[INSTRUCTIONS FOR THE TASK] What lines in the listing below hold the string "display"? Please copy them out.

============================================================

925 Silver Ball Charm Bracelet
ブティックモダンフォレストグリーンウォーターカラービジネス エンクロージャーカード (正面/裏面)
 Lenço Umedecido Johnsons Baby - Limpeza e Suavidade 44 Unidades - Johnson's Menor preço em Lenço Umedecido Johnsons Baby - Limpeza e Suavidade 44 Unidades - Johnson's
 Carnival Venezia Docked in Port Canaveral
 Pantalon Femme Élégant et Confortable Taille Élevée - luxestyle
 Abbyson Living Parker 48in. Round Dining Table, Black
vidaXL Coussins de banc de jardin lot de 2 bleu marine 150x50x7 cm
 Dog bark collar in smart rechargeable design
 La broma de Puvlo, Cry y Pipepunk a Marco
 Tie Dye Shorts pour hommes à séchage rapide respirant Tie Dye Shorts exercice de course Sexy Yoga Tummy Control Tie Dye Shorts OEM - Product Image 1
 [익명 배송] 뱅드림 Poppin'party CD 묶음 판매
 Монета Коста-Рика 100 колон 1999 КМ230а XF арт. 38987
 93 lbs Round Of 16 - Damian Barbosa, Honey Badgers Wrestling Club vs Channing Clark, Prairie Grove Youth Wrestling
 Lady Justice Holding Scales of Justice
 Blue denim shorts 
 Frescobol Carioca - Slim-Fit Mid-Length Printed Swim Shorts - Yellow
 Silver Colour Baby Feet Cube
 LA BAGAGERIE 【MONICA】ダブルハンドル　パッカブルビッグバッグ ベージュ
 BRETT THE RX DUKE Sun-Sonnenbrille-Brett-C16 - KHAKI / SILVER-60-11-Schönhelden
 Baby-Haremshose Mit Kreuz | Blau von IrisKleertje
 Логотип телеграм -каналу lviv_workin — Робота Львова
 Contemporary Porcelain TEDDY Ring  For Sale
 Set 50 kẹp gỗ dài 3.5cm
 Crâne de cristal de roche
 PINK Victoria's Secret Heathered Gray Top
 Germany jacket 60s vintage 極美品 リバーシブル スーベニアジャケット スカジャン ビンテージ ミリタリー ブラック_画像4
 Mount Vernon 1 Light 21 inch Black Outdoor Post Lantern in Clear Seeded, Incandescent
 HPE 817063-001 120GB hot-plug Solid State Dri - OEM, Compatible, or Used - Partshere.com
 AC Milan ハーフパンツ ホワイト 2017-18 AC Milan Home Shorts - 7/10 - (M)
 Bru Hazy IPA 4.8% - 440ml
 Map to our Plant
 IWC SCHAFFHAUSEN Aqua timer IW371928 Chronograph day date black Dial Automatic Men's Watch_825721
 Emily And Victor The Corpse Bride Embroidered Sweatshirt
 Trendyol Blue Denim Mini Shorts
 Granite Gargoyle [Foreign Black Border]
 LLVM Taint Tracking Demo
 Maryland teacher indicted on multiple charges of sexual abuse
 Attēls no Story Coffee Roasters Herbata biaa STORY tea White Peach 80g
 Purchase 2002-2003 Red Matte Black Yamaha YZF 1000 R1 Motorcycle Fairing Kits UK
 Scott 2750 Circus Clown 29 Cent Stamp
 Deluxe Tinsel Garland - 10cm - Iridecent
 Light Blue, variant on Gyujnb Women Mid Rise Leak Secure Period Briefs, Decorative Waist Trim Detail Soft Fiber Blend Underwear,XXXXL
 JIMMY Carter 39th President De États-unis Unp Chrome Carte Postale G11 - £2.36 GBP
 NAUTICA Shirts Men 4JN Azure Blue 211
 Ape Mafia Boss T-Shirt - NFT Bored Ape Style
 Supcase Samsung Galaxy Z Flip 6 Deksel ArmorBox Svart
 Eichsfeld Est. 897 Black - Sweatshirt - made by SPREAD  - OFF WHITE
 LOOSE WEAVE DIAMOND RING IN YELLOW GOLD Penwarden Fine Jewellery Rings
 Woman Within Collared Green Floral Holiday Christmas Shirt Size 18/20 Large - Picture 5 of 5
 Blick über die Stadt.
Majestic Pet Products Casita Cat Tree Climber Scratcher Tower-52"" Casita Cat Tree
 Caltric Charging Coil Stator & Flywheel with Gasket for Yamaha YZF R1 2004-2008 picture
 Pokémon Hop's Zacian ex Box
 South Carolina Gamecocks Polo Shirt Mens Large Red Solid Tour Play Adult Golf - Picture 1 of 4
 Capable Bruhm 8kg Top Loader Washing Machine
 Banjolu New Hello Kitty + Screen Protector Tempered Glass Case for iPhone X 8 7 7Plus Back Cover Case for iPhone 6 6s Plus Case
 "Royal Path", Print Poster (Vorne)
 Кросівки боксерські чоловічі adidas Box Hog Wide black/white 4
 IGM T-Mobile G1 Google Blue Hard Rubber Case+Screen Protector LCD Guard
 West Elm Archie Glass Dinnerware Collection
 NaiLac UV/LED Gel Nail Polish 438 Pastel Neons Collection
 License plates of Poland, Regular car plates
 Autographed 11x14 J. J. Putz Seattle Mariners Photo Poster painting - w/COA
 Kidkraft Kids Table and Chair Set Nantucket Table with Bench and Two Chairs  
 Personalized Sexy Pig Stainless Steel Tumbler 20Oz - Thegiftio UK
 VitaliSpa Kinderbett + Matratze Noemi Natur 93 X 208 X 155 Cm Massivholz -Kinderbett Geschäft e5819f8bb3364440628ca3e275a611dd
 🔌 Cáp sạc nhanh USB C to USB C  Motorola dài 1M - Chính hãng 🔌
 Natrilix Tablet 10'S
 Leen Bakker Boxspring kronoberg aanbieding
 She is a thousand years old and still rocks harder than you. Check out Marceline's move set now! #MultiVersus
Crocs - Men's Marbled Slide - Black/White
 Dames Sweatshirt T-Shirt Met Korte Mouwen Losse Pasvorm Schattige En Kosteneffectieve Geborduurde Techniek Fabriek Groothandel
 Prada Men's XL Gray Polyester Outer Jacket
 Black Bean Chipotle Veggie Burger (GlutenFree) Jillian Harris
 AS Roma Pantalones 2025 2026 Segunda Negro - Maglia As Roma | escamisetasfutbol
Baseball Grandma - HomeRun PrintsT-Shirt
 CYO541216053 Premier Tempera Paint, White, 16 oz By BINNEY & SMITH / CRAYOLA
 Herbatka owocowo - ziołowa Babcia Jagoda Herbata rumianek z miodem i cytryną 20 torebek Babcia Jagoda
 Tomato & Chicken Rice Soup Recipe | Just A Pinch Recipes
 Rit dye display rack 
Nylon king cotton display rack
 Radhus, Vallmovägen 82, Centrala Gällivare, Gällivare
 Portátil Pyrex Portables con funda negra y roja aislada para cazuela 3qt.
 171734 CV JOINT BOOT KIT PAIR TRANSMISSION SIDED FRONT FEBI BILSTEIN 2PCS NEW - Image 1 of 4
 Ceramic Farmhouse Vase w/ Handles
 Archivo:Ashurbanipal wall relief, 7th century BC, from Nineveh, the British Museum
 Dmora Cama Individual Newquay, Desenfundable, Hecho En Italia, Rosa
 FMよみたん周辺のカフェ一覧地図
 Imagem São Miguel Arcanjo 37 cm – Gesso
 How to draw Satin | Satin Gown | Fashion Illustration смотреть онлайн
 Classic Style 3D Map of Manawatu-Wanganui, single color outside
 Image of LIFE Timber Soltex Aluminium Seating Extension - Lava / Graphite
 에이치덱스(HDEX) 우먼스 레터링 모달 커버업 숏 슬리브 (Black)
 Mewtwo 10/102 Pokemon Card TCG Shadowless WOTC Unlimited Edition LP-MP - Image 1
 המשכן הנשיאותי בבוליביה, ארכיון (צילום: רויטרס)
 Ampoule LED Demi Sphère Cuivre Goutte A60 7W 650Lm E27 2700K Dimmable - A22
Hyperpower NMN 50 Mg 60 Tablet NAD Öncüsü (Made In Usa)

============================================================

[RESULT FOR THIS TASK]
 Rit dye display rack 
Nylon king cotton display rack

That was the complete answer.